Unité de pensée
Voir les notes de la semaine dernière, car cette lecture poursuit le même thème. Il faut noter que les disciples reçoivent l’ordre de nourrir le peuple au désert. Ce sera leur mission, et la nourriture sera bien sûr l’Évangile de la résurrection de Jésus parmi les païens. Il n’est donc pas surprenant que Matthieu nous présente ensuite une « théophanie » du Seigneur ressuscité et vainqueur. Ce que Dieu seul fait dans l’Ancien Testament — fouler les eaux et marcher dans les profondeurs de l’abîme (cf. Jb 9,8 ; 38,16 ; Ps 77,19 ; Is 43,16) —, Jésus le fait ici chez Matthieu. Que cet épisode soit une véritable théophanie est confirmé à la fin du récit, où les disciples adorent le Seigneur vainqueur et confessent qu’il est le Fils de Dieu. En même temps, avec Pierre commence une série d’épisodes où il sera au premier plan comme le premier des disciples, qui pourtant manquera de foi.
Notes
Le manque de compréhension des disciples, comme d’habitude dans les évangiles, s’illustre dans l’attitude de Pierre qui, selon l’Épître aux Galates, a mal compris l’Évangile (Ga 2,1-14). Toute la péricope vise à rappeler à Pierre et aux disciples que l’unique Évangile doit être prêché à tous, y compris aux païens, jusqu’à ce que le Seigneur vienne. À sa venue, le Seigneur jugera les disciples selon qu’ils l’auront fait ou non.
Premièrement, Jésus a dû « obliger » (ἠνάγκασεν) ses disciples à passer sur l’autre rive de la mer de Galilée, vers le territoire des païens (voir les commentaires sur Mt 8,28-9,1), ce qui montre qu’ils étaient réticents à le faire. Deuxièmement, il les envoie devant lui dans cette mission, et il viendra « à la quatrième veille de la nuit », vers le matin (Mc 13,35), au moment le plus inattendu, pour les juger. Troisièmement, à sa venue, il viendra en marchant sur la mer, c’est-à-dire en maître de la mer/de l’empire romain et de tous ceux qui y vivent, prouvant qu’il est le Seigneur de tous — païens comme Juifs. Quatrièmement, Pierre, qui a trahi l’Évangile (Ga 2,11-14), ne se rend pas compte que celui qui a nourri la multitude au désert est le même qui soumet les eaux hostiles.
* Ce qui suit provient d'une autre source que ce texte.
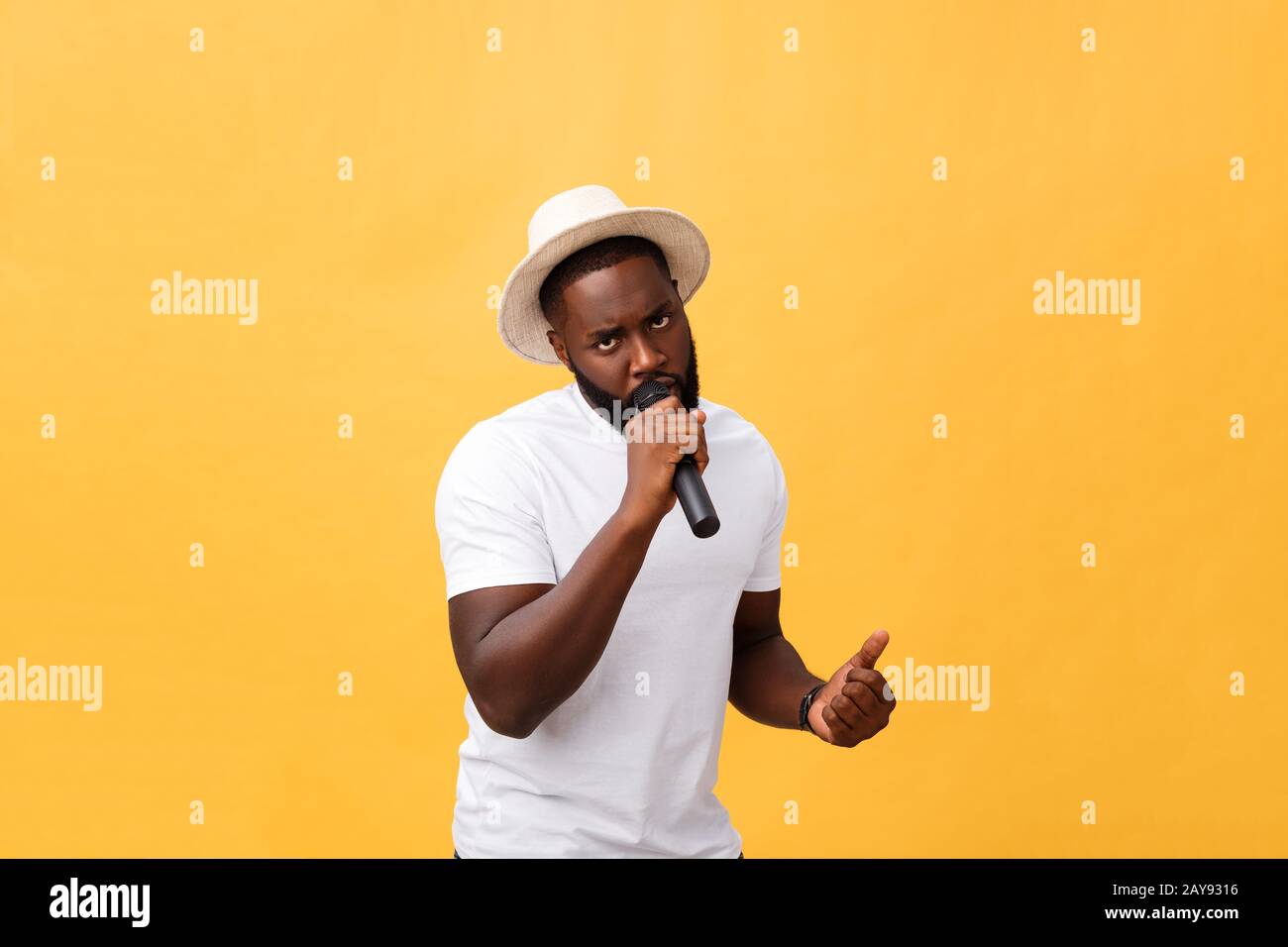 young handsome african american boy singing emotional with microphone isolated on yellow background, in motion gesturing Stock Photo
Que l’attitude de Pierre soit si répréhensible tient à ce qu’elle est mise sur le même plan que celle de quiconque scandalise les croyants :
« Et quiconque reçoit en mon nom un petit enfant comme celui-ci, me reçoit moi-même. Mais, si quelqu’un scandalisait un de ces petits qui croient en moi, il vaudrait mieux pour lui qu’on suspendît à son cou une meule de moulin, et qu’on le jetât au fond de la mer. » (καταποντισθῇ ; Mt 18,5-6)
« Et il dit : Viens ! Pierre sortit de la barque, et marcha sur les eaux, pour aller vers Jésus. Mais, voyant que le vent était fort, il eut peur ; et, comme il commençait à enfoncer, il s’écria : Seigneur, sauve-moi ! » (καταποντίζεσθαι ; 14,29-30)[1]
Le manque de foi de Pierre est réprimandé et il doit se soumettre à l’enseignement de l’Évangile : si Jésus est le messie (Fils de Dieu), alors il est aussi le Seigneur de tous, y compris des païens : « Que toute la maison d’Israël sache donc avec certitude que Dieu a fait Seigneur et Christ ce Jésus que vous avez crucifié. » (Ac 2,36).
Ressources complémentaires
David E. Garland, Reading Matthew, Crossroads Publishing Company, New York, 1995, p. 156 et suiv.
Paul Nadim Tarazi, New Testament Introduction, Vol. 1: Paul and Mark, St Vladimir’s Seminary Press, Crestwood, NY, 1999, p. 176-177.
Paul Nadim Tarazi, New Testament Introduction, Vol. 3: Johannine Writings, St Vladimir’s Seminary Press, Crestwood, NY, 2004, p. 174-175.
[1] Ce sont les deux seules occurrences du verbe καταποντίζεσθαι dans le Nouveau Testament.